What was that? That was time flying by as we approach spring and you haven’t even finalized your cropping plan.
In sports there are many deadlines that force general managers to make decisions by a certain date. For example, this week was the close of the January transfer window in English and European football and also college football national signing day for high school recruits. Hockey has a trade deadline day, college football players have to declare for the NFL draft by a certain date, and baseball has a waiver trade deadline. And it’s not just sports, we also have tax filing deadlines. Can you imagine how many people would never get to paying their taxes if there was no deadline?
In fact, people tend to respond well to deadlines, because of the feeling of achievement that comes from completing a task in a certain timeframe. According to Mr. Ariely, a Duke University professor of psychology and behavioural economics, “It’s a good way to keep score.”
And it’s all in place so that the league can create an even playing field, and so stakeholders can move onto the next stage in the process.
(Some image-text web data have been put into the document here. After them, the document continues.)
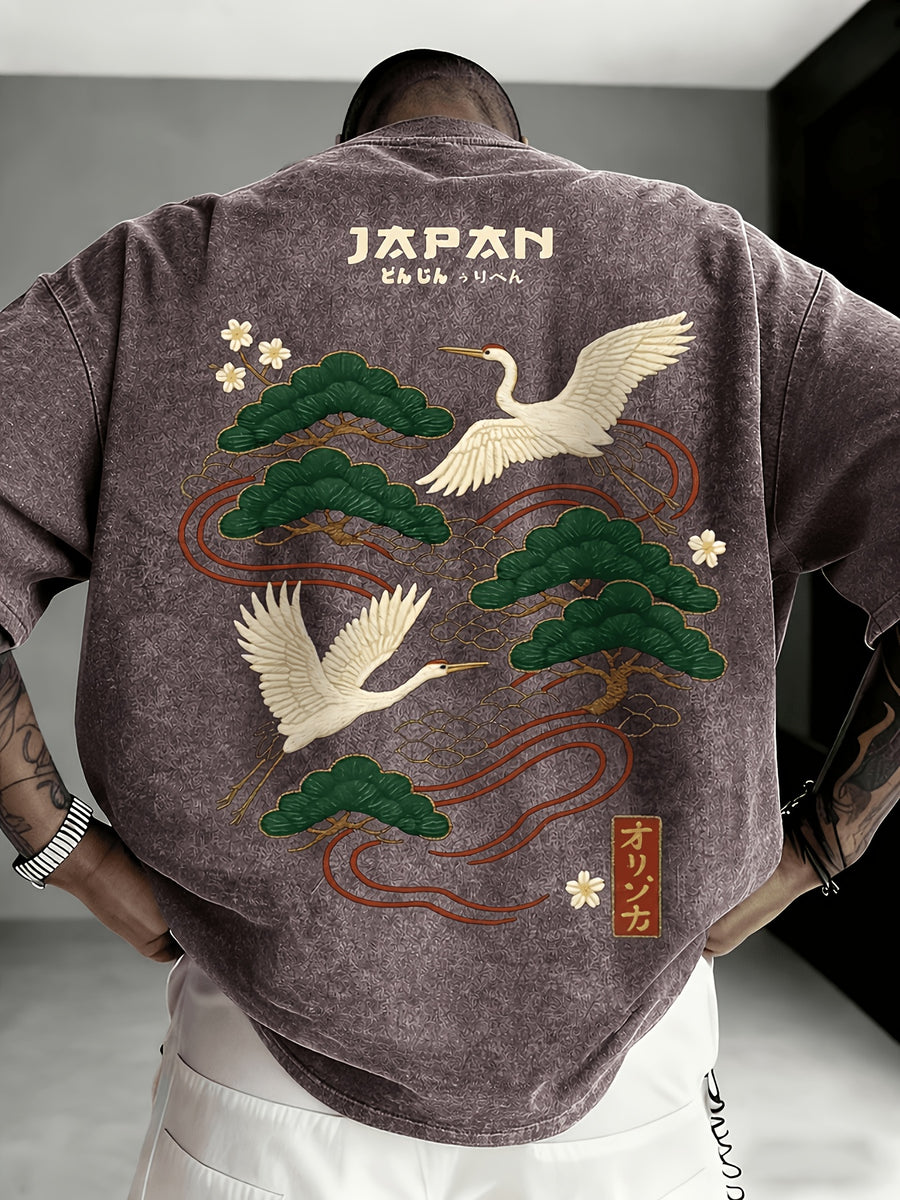 Printed Design - Not Textured: Tang Yunshu American Sporty Style Trendy Men's Japanese National Chic Printed Short Sleeve Shirt, Distressed Washed Finish + Exquisite Crane and Pine Tree Pattern, Crisp Wrinkle-Resistant and Wear-Resistant Fabric - Light Purple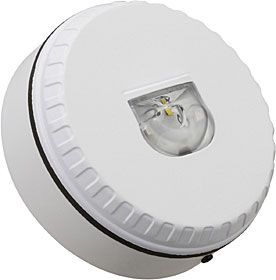 EN54-23 wall mounted beacon, shallow base, white, white flash.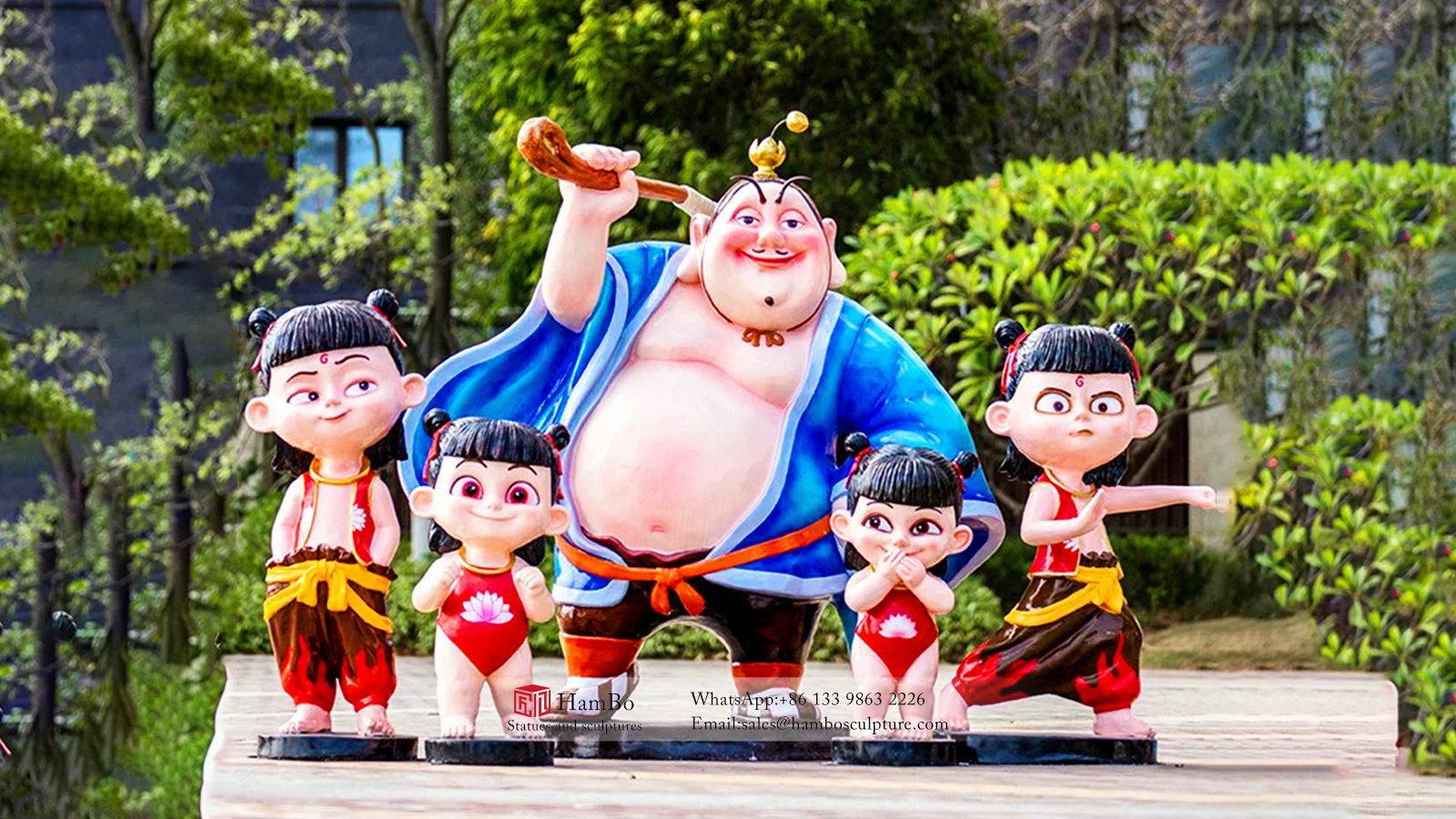 Outdoor FRP animation Nezha sculpture custom manufacturers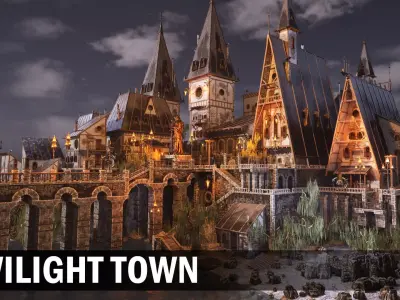 Twilight town Low-poly 3D model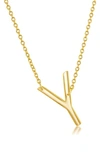 Simona Gold Plated Sterling Silver Sideways Initial Necklace In Gold - Y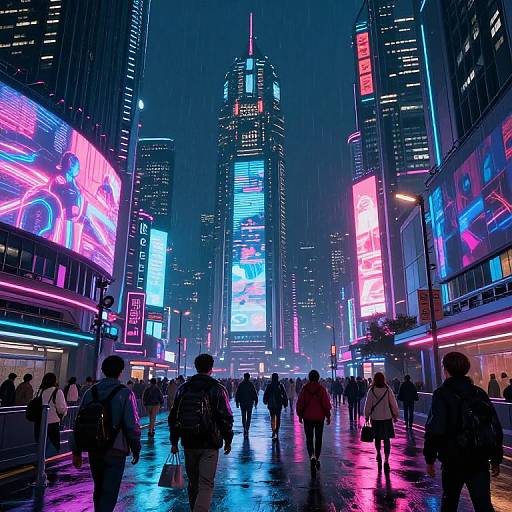 Photograph of a neon-lit, rainy city street at night, crowded with pedestrians. Bright, colorful billboards on tall skyscrapers reflect on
These type of sports management deadlines have made me wondering, “how many farmers give themselves a deadline on seeding or planting intentions?”
Many of you are likely reading this and saying, “Shaun, you are an idiot, why would you ever give yourself a deadline on planting intentions? Why not change the plan right up to when the tractor hits the field?”
And though it’s a great question, I can assure you there are plenty of reasons to do it before hitting the field.
Giving yourself a cropping decision deadline would help your farm because:
- All procrastinators need deadlines.
- Making late decisions can negatively impact your ability to get the crop input products you need for the selected crops.
- It allows you to move forward with other decisions instead of likely choking yourself on paralysis by analysis.
- Once you make the cropping decision the rest of your production and marketing plan can fall into place.
- Seed treatments, herbicides and fungicides are being produced with short inventories to limit high levels of carry over.
- You can always make slight adjustments later if needed.
Time and time again producers go to meetings in the late winter and finally decide that they will grow a certain crop and voila, they are late to the party and can’t even source the seed to plant the hot crop of the year, never mind the herbicide and fungicides required to go along with it.
As a leader in the procrastination club, I think deadlines force your hand to make a decision and move on before it’s too late and you’re left settling for what has to happen given the late circumstances of your decision.
So close this window and go get your cropping decision finalized before it’s too late and you end up seeding the entire farm to millet and buckwheat.